# Cortland Liquid Crystal Fly Lines



## Fishsurfer (Dec 14, 2014)

Has anyone tried the Cortland Liquid Crystal Fly Lines yet. I just saw them and they look and feel really nice. It looks like new technology.

http://www.basspro.com/Cortland-Liquid-Crystal-Saltwater-Fly-Line/product/1407090621376/


----------



## skinnywaterfishin (Jul 1, 2015)

Fishsurfer said:


> Has anyone tried the Cortland Liquid Crystal Fly Lines yet. I just saw them and they look and feel really nice. It looks like new technology.
> 
> http://www.basspro.com/Cortland-Liquid-Crystal-Saltwater-Fly-Line/product/1407090621376/


Pretty amazing new technology!
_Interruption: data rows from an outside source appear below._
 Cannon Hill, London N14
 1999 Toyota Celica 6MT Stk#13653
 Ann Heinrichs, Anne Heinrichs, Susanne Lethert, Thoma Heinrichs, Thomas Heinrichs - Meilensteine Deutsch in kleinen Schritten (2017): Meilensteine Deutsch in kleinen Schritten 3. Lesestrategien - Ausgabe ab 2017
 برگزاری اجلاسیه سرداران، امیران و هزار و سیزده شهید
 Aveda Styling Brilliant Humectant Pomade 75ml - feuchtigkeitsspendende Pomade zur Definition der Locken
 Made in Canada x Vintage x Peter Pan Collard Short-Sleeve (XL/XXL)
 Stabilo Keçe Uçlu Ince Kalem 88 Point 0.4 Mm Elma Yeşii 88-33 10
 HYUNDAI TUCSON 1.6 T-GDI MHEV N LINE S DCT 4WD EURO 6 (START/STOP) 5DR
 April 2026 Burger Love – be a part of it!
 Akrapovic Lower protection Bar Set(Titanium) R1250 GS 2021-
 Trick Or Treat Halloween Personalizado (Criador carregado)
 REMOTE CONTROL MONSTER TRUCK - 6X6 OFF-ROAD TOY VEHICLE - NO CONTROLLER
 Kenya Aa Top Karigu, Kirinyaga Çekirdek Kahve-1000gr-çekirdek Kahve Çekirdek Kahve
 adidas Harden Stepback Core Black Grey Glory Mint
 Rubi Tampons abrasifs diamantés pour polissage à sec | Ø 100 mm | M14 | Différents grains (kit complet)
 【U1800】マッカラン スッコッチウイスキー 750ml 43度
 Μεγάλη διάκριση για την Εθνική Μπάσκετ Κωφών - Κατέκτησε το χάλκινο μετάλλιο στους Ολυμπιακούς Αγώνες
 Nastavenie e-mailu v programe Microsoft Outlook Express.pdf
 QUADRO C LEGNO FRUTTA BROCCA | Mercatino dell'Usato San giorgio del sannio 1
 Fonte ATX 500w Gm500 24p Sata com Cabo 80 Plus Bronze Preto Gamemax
I first saw a lower Keys guide, then a Mosquito Lagoon fly guide (Captain Willy Le Native Fly Charters) using it. I think it's more useful in Florida where the water is more clear and fish that get more pressure and are more spooky. If I were getting constant refusals, I would consider something like that here in Texas.

I read that it takes some getting used to...not being able to see your line and trying to track the fly but that probably comes with experience.

I don't think our Texas redfish & trout much care but like everything, it has its place in certain applications and locales.

Tight lines,
Jeff


----------



## Joe T (Dec 13, 2012)

ive been using the flats taper sky blue for awhile and it is the shizzz. after using the 555 tropic for the last 12 years (which has a lot of stretch) i didnt have any problem with the no stretch.only the clear is hard to see.this line launches.


----------